Posko ini dibentuk sebagai upaya antisipasi dan pencegahan kekerasan di lingkungan pesantren.
Selain itu, melalui program itu pula diharapkan memberi tambahan jaminan bagi wali santri akan keberadaan putra-putrinya di ponpes.
Launching Posko Pesantren Ramah Anak akan dilakukan PWNU Jawa Timur dalam waktu dekat.
Wakil Ketua PWNU Jatim KH Abdussalam Shohib menyatakan pihaknya prihatin jika ada kasus kekerasan di Pesantren. Sehingga, dukungan penuh diberikan sebagai upaya konkret agar masalah kekerasan dan perundungan anak tidak terjadi di pondok pesantren di masa mendatang.

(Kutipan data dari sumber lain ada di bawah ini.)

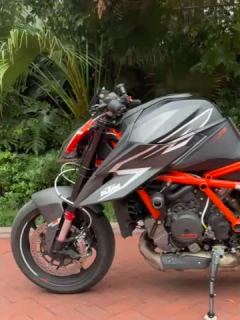KTMR2R 1290 Super Duke 1300 cc - ფოტო 2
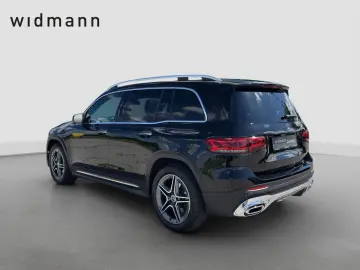 MERCEDES-BENZ GLB 250 4M  AMG AHK Panorama Sitzklima…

"Kita semua tentu prihatin peristiwa itu merupakan semacam peringatan kepada semuanya, terlebih kepada NU yang banyak pesantrennya," kata Gus Salam kepada wartawan, Rabu (21/9/2021).
Pengasuh Pondok Pesantren Mambaul Maarif Denanyar Jombang itu menyadari, kini pengasuh pondok pesantren memerlukan suatu cara yang sungguh-sungguh bisa diandalkan untuk mengelola santri yang tinggal di pesantren.

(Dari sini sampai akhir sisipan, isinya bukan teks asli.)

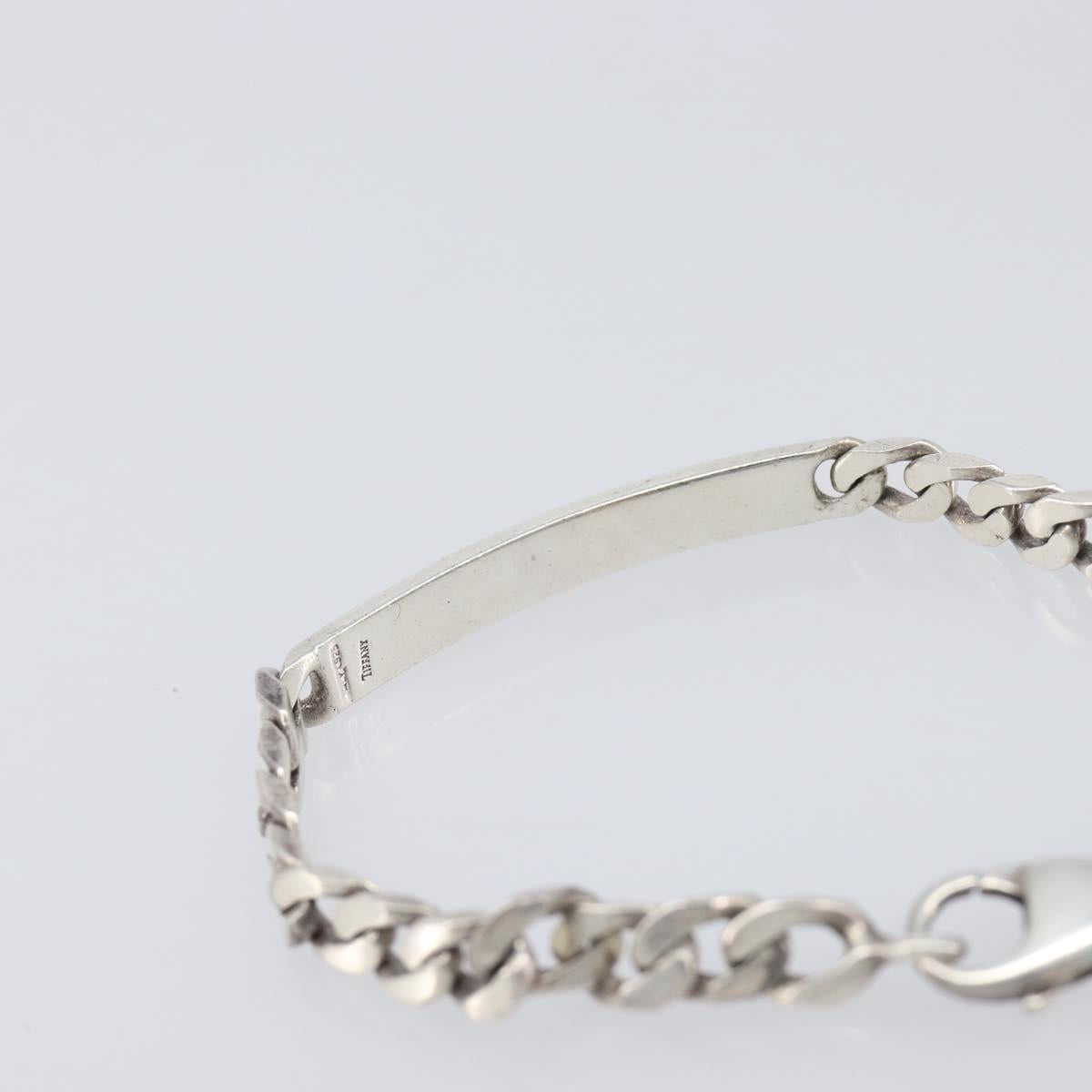 Tiffany & Co. Bracelet Ag925 Silver Auth 206569M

Apalagi, dengan jumlah santri yang mencapai belasan ribu. "Bisa dibayangkan bagaimana mengelola dan mengawasi sekian banyak santri, ini tentu bukan hal yang mudah. Tentu, pesantren telah membuat skema, manajemen dan lain sebagainya," ungkapnya.
Menurut Gus Salam, para kiai dan ulama pesantren di PWNU Jawa Timur, khususnya pengasuh pondok pesantren, berharap, di masa mendatang, pesantren bisa lebih dikelola dengan baik sehingga peristiwa yang memprihatinkan bisa dicegah agar tidak terulang lagi.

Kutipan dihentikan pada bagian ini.